True claim. There exists an $(\mathcal{A},\mathcal{B})$-measurable selection $f$.

This is easy to achieve: write $Y=\bigcup_{i\in\mathbb N}Y_i$, with $Y_i$ closed sets of diameter $\le 1$, then for each $i\in\mathbb N$ write $Y_i=\bigcup_{j\in\mathbb N}Y_{ij}$, with $Y_{ij}$ closed of diameter $\le 1/2$, and so on.
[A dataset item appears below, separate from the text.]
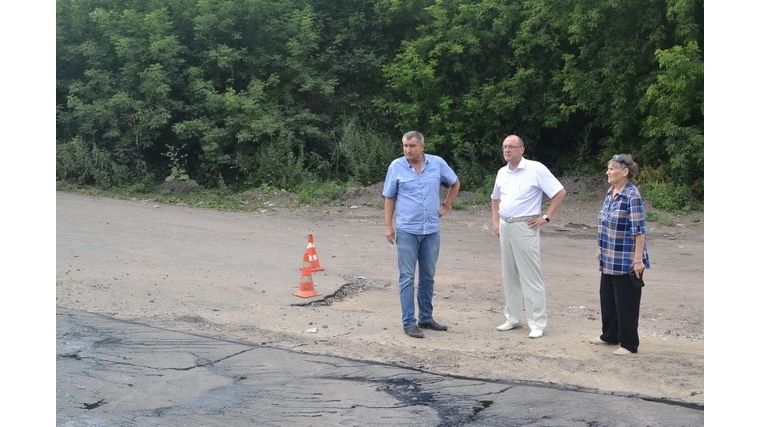 _Глава администрации города Алатыря Ю.Н. Боголюбов ознакомился с ходом дорожных работ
Pick $y_i\in Y_i$, $y_{ij}\in Y_{ij}$, and so on.

The set $X_i':=\{x\in X:F(x)\cap Y_i\neq\emptyset\}$ is analytic, since it is the projection of the closed set $\operatorname{graph}(F)\cap (X\times Y_i)\subseteq X\times Y$ on $X$. We then let $$ X_i:=X_i'\setminus\bigcup_{k<i}X_k' $$ (this set is not guaranteed to be analytic, but certainly $X_i\in\mathcal{A}$) and define $$ f_0(x):=y_i \quad\text{on }X_i $$ (note that the sets $X_i$ are a partition of $X$). We similarly define $X_{ij}'$ and we build the finer partition $$ X_{ij}:=X_i\cap\Big(X_{ij}'\setminus\bigcup_{k<j}X_{ik}'\Big), $$ and define $$ f_1(x):=y_{ij} \quad\text{on }X_{ij}, $$ and so on. We thus obtain a sequence of $(\mathcal{A},\mathcal{B})$-measurable functions $f_n$. Since $d_Y(f_m(x),f_n(x))\le 2^{-\operatorname{min}(m,n)}$, they converge pointwise to a measurable function $f$. We claim that $f$ is a selection. Indeed, given $x\in X$, take $i$ such that $x\in X_i$; since $F(x)$ intersects $Y_i$, which contains $f_0(x)=y_i$, we have $d_Y(f_0(x),F(x))\le\operatorname{diam}(Y_i)\le 1$. Similarly, $d_Y(f_n(x),F(x))\le 2^{-n}$. In the limit we have $d_Y(f(x),F(x))=0$, which gives $f(x)\in F(x)$ since $F(x)$ is closed.